0

So I asked this question yesterday but I realized I didn't do a good job of explaining it. I basically need to read different csv files with different numbers of columns and I need to build a command that automatically puts it in a table. The columns should be able to wrap to allow long texts and their widths should be adjustable. I would prefer that the tabular arguments can be passed from the command as a third argument but I could not get it to work.

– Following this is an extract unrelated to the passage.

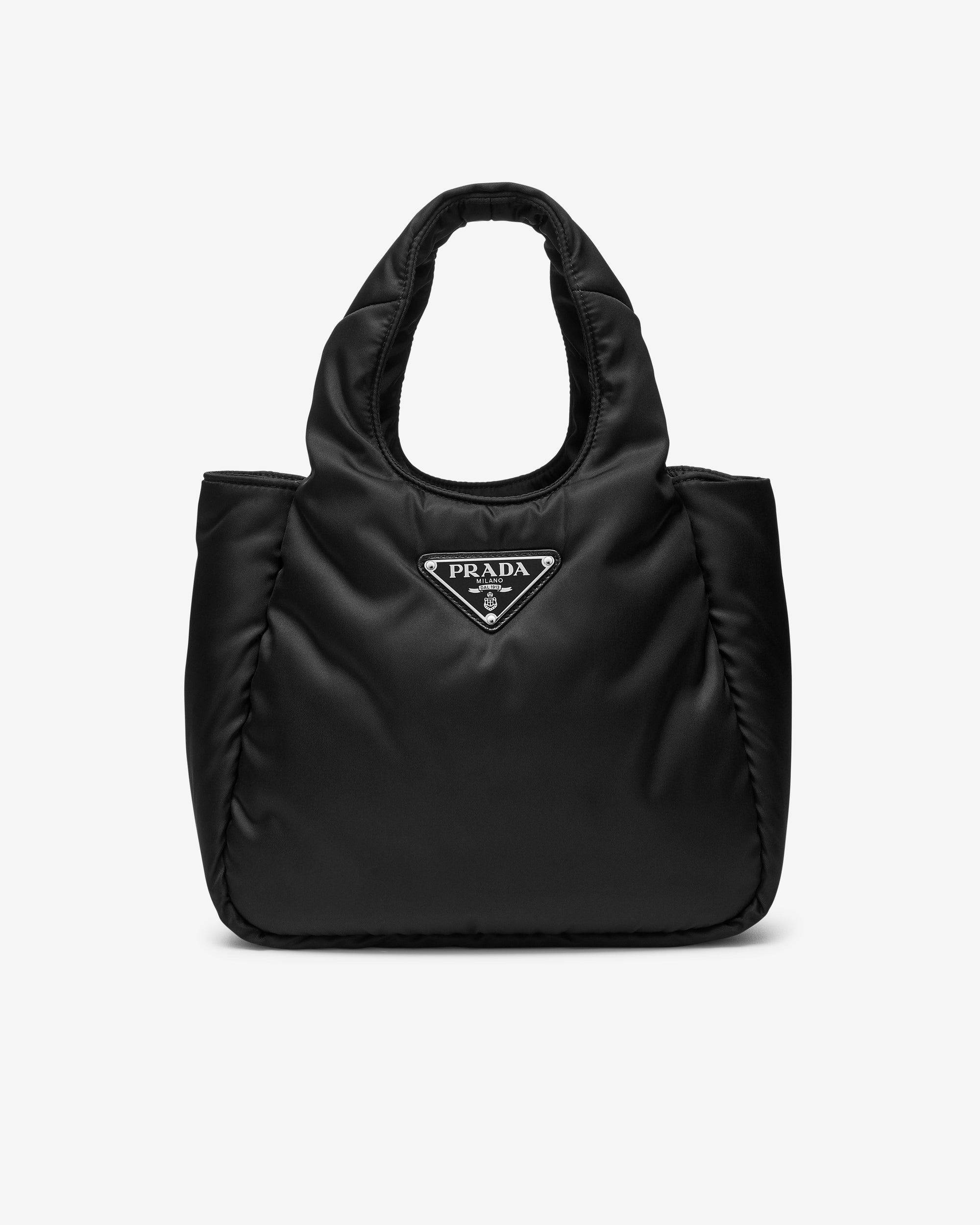 Womens Small Padded Re Nylon Tote Bag Prada – Гарантія оригінальності – боковий вид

    \documentclass[12]{article}
    \usepackage{import}
    \usepackage{csvsimple}
    \usepackage[a4paper, total={6.25in, 9.75in}]{geometry}
\begin{document}

\begin{filecontents*}{1.csv}
    title 1,title 2,title 3,title 4,title 5,title 6,title 7
    78,1,1,16,7,1,9
    03,1,1,32,7,1,9
    98,1,2,16,8,2,9
    23,1,2,32,8,2,9
    43,1,4,16,10,4,9
    52,1,4,32,10,4,9
\end{filecontents*}


\begin{filecontents*}{2.csv}
    name,type,random
    sample 1,type 1,Lorem Ipsum has been the industry's standard dummy text ever since the 1500s when an unknown printer took a galley of type and scrambled it to make a type specimen book. It has survived not only five centuries but also the leap into electronic typesetting remaining essentially unchanged. It was popularised in the 1960s with the release of Letraset sheets containing Lorem Ipsum passages and more recently with desktop publishing software like Aldus PageMaker including versions of Lorem Ipsum
    sample 2,type 2,There are many variations of passages of Lorem Ipsum available but the majority have suffered alteration in some form, by injected humour or randomised words which don't look even slightly believable. If you are going to use a passage of Lorem Ipsum you need to be sure there isn't anything embarrassing hidden in the middle of text
    sample 3,type 3,The standard chunk of Lorem Ipsum used since the 1500s is reproduced below for those interested. Sections 1.10.32 and 1.10.33 from
    sample 4,type 4,de Finibus Bonorum et Malorum" by Cicero are also reproduced in their exact original form
    sample 5,type 5,The generated Lorem Ipsum is therefore always free from repetition injected humour or non-characteristic words etc.
\end{filecontents*}



%to run the different files comment out one after head line and change file in \csvautotabularcenter
\makeatletter
\csvset{
autotabularcenter/.style={
    file=#1,
    after head=\csv@pretable\begin{tabular}{|p{2cm}| p{1cm}| p{12cm}|}\csv@tablehead,
    %after head=\csv@pretable\begin{tabular}{|p{1cm}|p{1cm}|p{1cm}|p{3cm}|p{2cm}|p{1cm}|p{4cm}|}\csv@tablehead,     %to be able to run 1.csv need to change tabular arguments
    table head=\hline\csvlinetotablerow\\\hline,
    late after line=\\,
    table foot=\\\hline,
    late after last line=\csv@tablefoot\end{tabular}\csv@posttable,
    command=\csvlinetotablerow},
}
\makeatother
\newcommand{\csvautotabularcenter}[2][respect underscore=true]{\csvloop{autotabularcenter={#2},#1}}    
\csvautotabularcenter{2.csv} %pass tabular arguments (eg |p{2cm}| p{1cm}| p{12cm}| or |p{1cm}|p{1cm}|p{1cm}|p{3cm}|p{2cm}|p{1cm}|p{4cm}|) from here

\end{document}

  • So everything the macro should be able to do is typeset a tabular from a csv file? Any other special requirements, like longtable support, or tabularx support? – Skillmon May 19 '22 at 15:53
  • no nothing like that. It just need to be able to define the width of the columns. One thing is that i dont want to manually put in the data from the table because that defeats the whole purpose of automating tables – user270659 May 19 '22 at 15:57
  • Please note that your second csv is malformatted (line two has a , in the text, so one column more than the others). – Skillmon May 19 '22 at 17:20
  • thats ok this is just an example i just wanted some random text. I just wanted to make sure the text would go to the next line if its long enough – user270659 May 19 '22 at 17:32
  • Oh, also 12 is no option of the standard classes, I guess you meant to use 12pt. – Skillmon May 19 '22 at 18:02

1 Answers1

1

The following implements \tabgen (from scratch, using only expl3-code, no other libraries).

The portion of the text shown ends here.